To simplify, let's first consider an example.

Example: If every person likes at least 1/3 of the books in a library, then, there exists a book, which at least 1/3 of people liked it.

Proof: Suppose there are $N$ people and B books. Each person likes at least $B / 3$ of the books. Let people leave a mark on the book they like. Then, there will be at least $M = (N B) / 3$ marks. The averaging argument claims that there exists a book with at least $N / 3$ marks on it. Assume, to the contradiction, that no such book exists. Then, every book has fewer than $N / 3$ marks. However, since there are $B$ books, the total number of marks will be fewer than $(N B) / 3$ , contradicting the fact that there are at least $M$ marks. $◼$

Formalized definition of averaging argument

Consider two sets: X and Y, a proposition $p : X \times Y \to TRUE/FALSE$ , and a fraction $f$ (where $0 \leq f \leq 1$ ).
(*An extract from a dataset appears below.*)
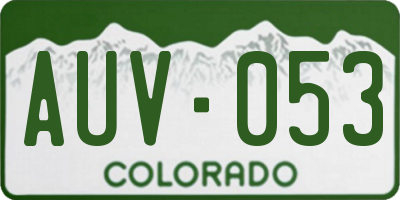 CO license plate AUV053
If for all $x \in X$ and at least a fraction $f$ of $y \in Y$ , the proposition $p (x, y)$ holds, then there exists a $y \in Y$ , for which there exists a fraction $f$ of $x \in X$ that the proposition $p (x, y)$ holds.

Another formal (and more complicated) definition is due to Barak:^[1]

Let $f$ be some function. The averaging argument is the following claim: if we have a circuit $C$ such that $C (x, y) = f (x)$ with probability at least $ρ$ , where $x$ is chosen at random and $y$ is chosen independently from some distribution $Y$ over ${0, 1}^{m}$ (which might not even be efficiently sampleable) then there exists a single string $y_{0} \in {0, 1}^{m}$ such that $\Pr_{x} [C (x, y_{0}) = f (x)] \geq ρ$ .

Indeed, for every $y$ define $p_{y}$ to be $\Pr_{x} [C (x, y) = f (x)]$ then

\Pr_{x, y} [C (x, y) = f (x)] = E_{y} [p_{y}]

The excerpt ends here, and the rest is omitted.